◆ **DATA TO EXAMINE**:
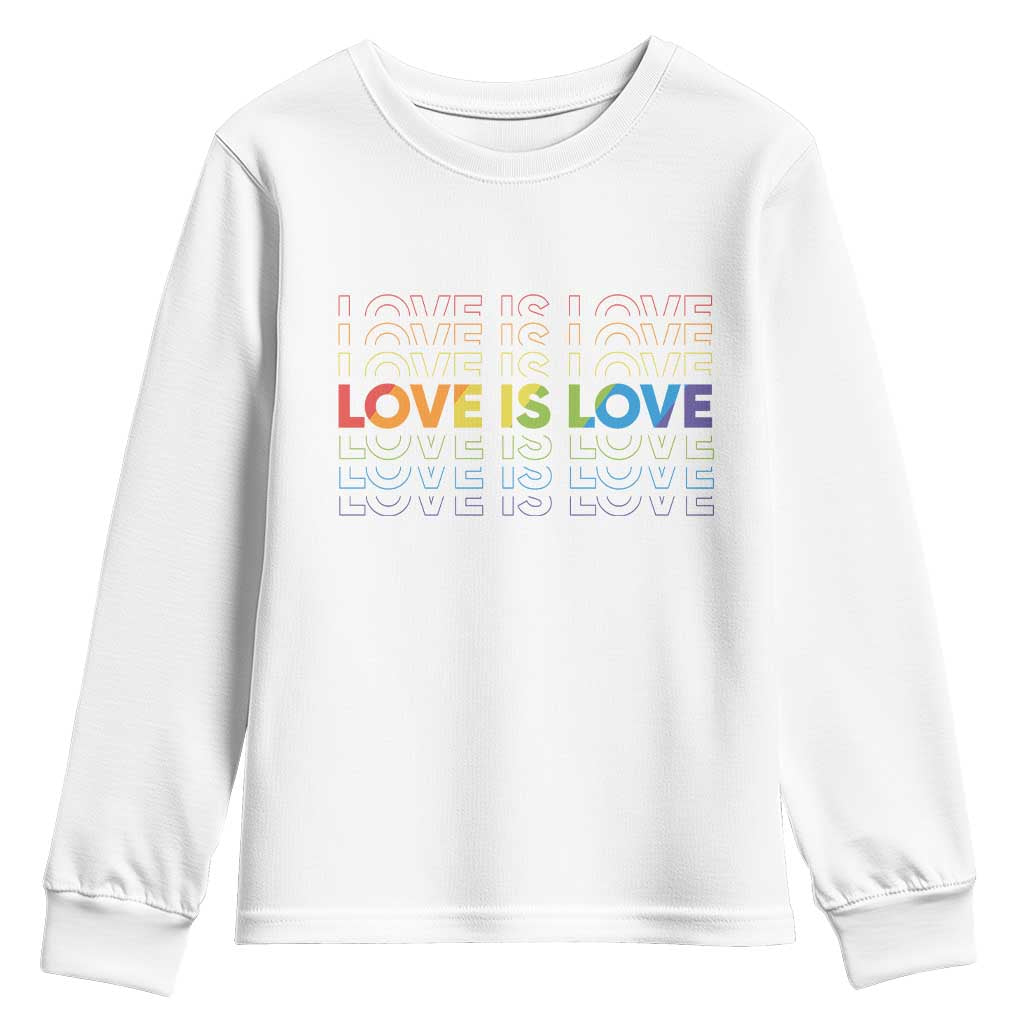 Love Is Love Rainbow Typography Youth Sweatshirt LGBTQ Support Gift TS12 White Print Your Wear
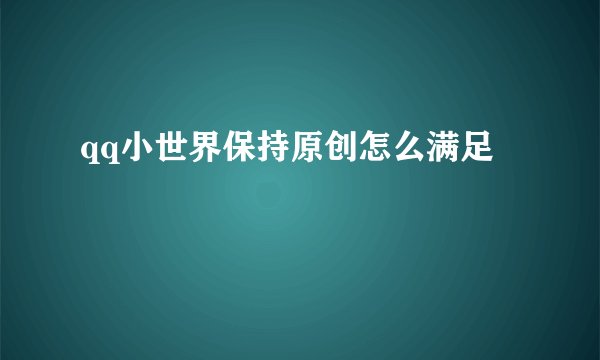 qq小世界保持原创怎么满足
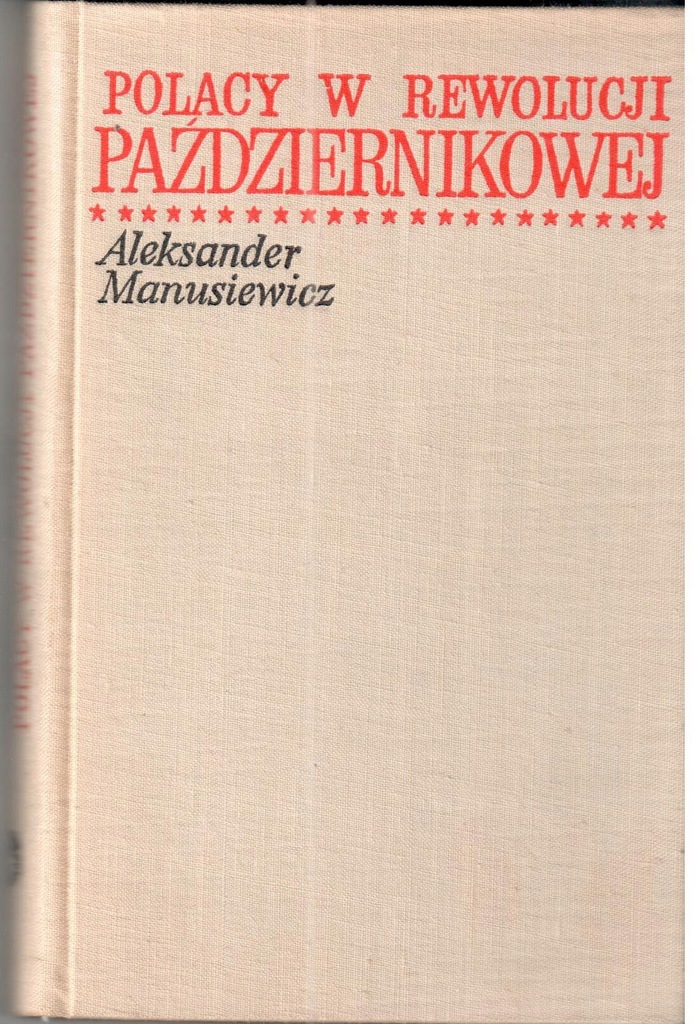 POLACY W REWOLUCJI PAŹDZIERNIKOWEJ Aleksander Manusiewicz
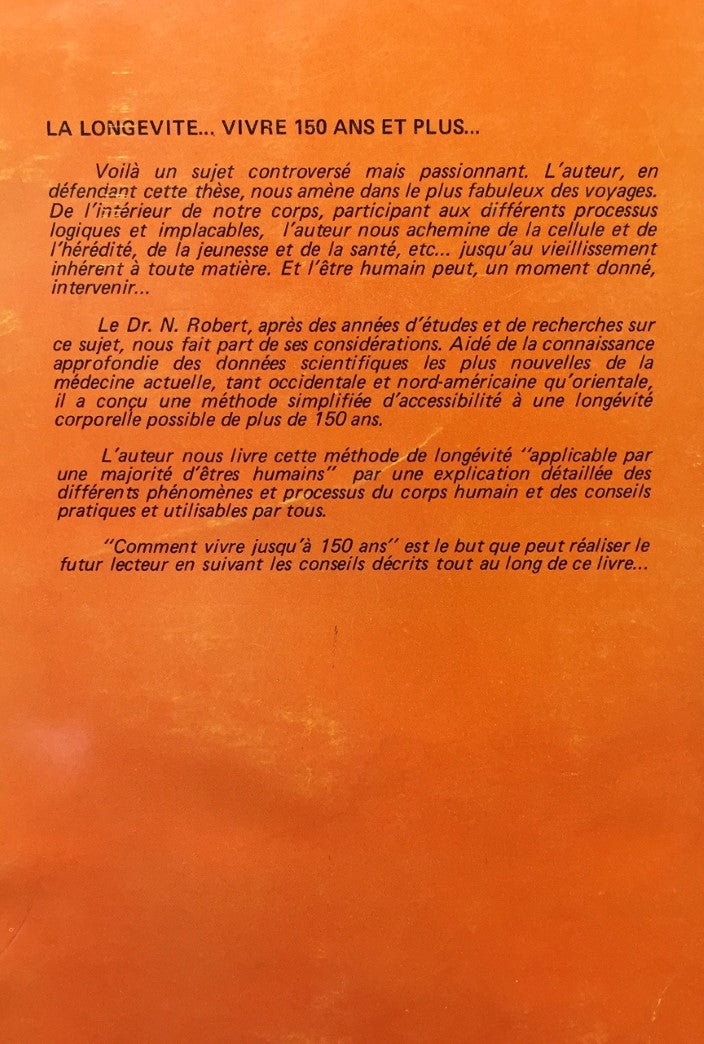 Livre Comment vivre 150 ans : méthode à la portée de tous - Dr N.Robert (Livre d'occasion) - ISBN...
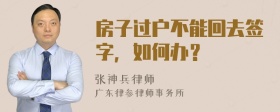 房子过户不能回去签字，如何办？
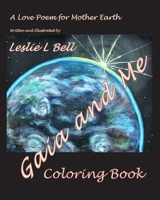 Gaia and Me: A Love Poem for Mother Earth: Coloring Book 199952554X Book Cover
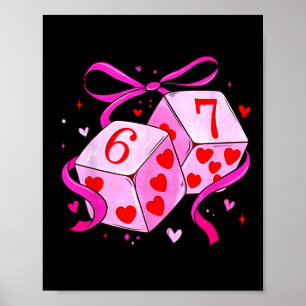 Funny 67 Dice Heart Six Seven Meme Slang Couples V Poster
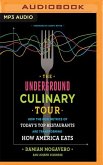 The Underground Culinary Tour: How the New Metrics of Today's Top Restaurants Are Transforming How America Eats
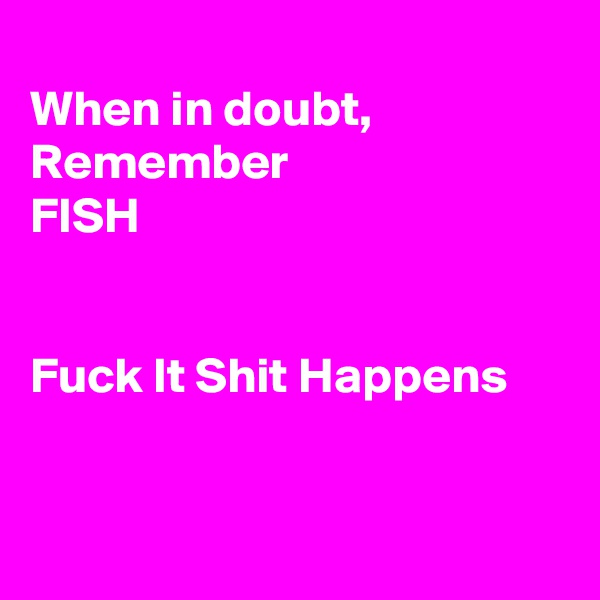 
When in doubt,
Remember 
FISH


Fuck It Shit Happens


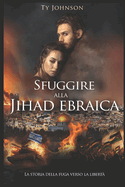 Sfuggire alla Jihad ebraica: La storia della fuga verso la libert?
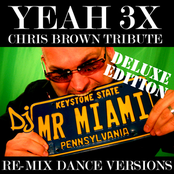 Yeah 3X (Chris Brown Tribute) (Re-Mix Dance Versions)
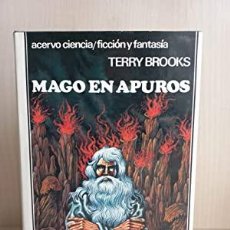 Libros de segunda mano: MAGO EN APUROS, EL REINO MÁGICO DE LANDOVER LIBRO III, TERRY BROOKS, ACERVO, 1.990. Lote 365989991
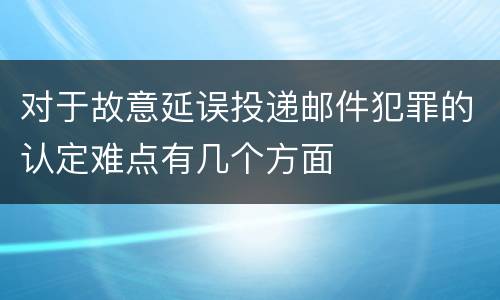 对于故意延误投递邮件犯罪的认定难点有几个方面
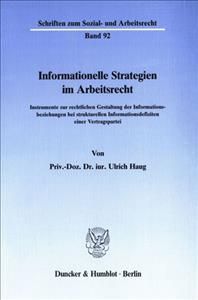 Informationelle Strategien Im Arbeitsrecht By Ulrich Haug (Paperback)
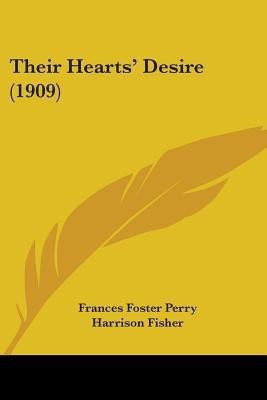 Their Hearts' Desire (1909)(English, Paperback, Perry Frances Foster)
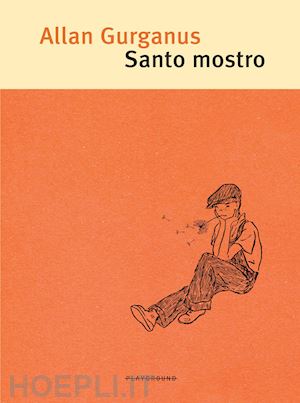 gurganus allan - santo mostro. nuova ediz.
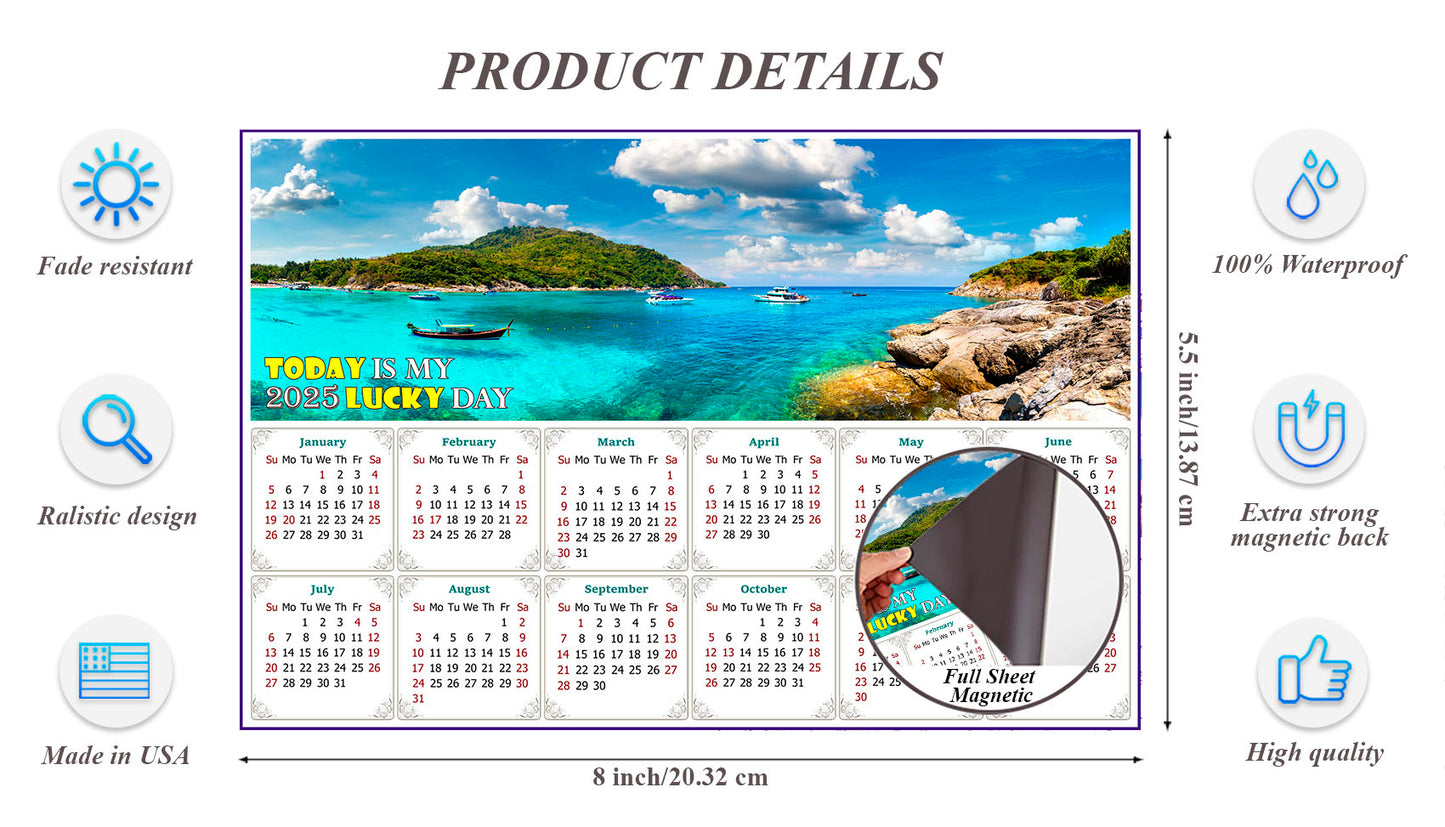 2025 Magnetic Calendar - Calendar Magnets - Today is My Lucky Day - (Racha (Raya) resort island, Thailand)
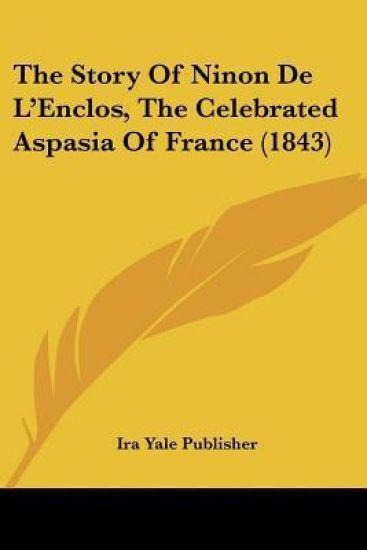 The Story Of Ninon De L'Enclos, The Celebrated Aspasia Of France (1843)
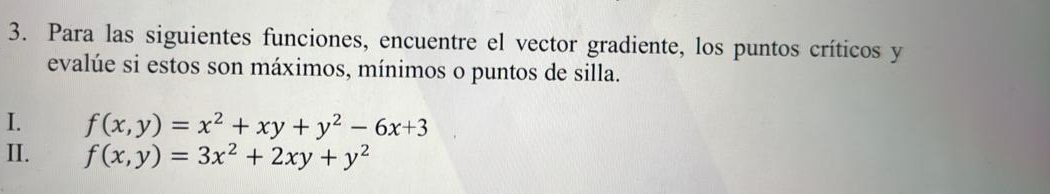 Para las siguientes funciones, encuentre el vector gradiente, los puntos críticos y
evalúe si estos son máximos, mínimos o puntos de silla.
I. f(x,y)=x^2+xy+y^2-6x+3
II. f(x,y)=3x^2+2xy+y^2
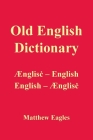 Old English Dictionary By Matthew Eagles Cover Image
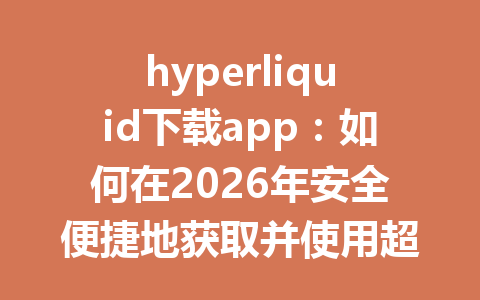 hyperliquid下载app:如何在2026年安全便捷地获取并使用超流动性交易平台 一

◆ **THE TASK**:
Leave the pictures out and output exactly the lines above, from the start of the listing through the line with "Gaia and Me: A".

◆ **SOLUTION BELOW**:
 Love Is Love Rainbow Typography Youth Sweatshirt LGBTQ Support Gift TS12 White Print Your Wear
 qq小世界保持原创怎么满足
 POLACY W REWOLUCJI PAŹDZIERNIKOWEJ Aleksander Manusiewicz
 Livre Comment vivre 150 ans : méthode à la portée de tous - Dr N.Robert (Livre d'occasion) - ISBN...
 房子过户不能回去签字，如何办？
 Gaia and Me: A Love Poem for Mother Earth: Coloring Book 199952554X Book Cover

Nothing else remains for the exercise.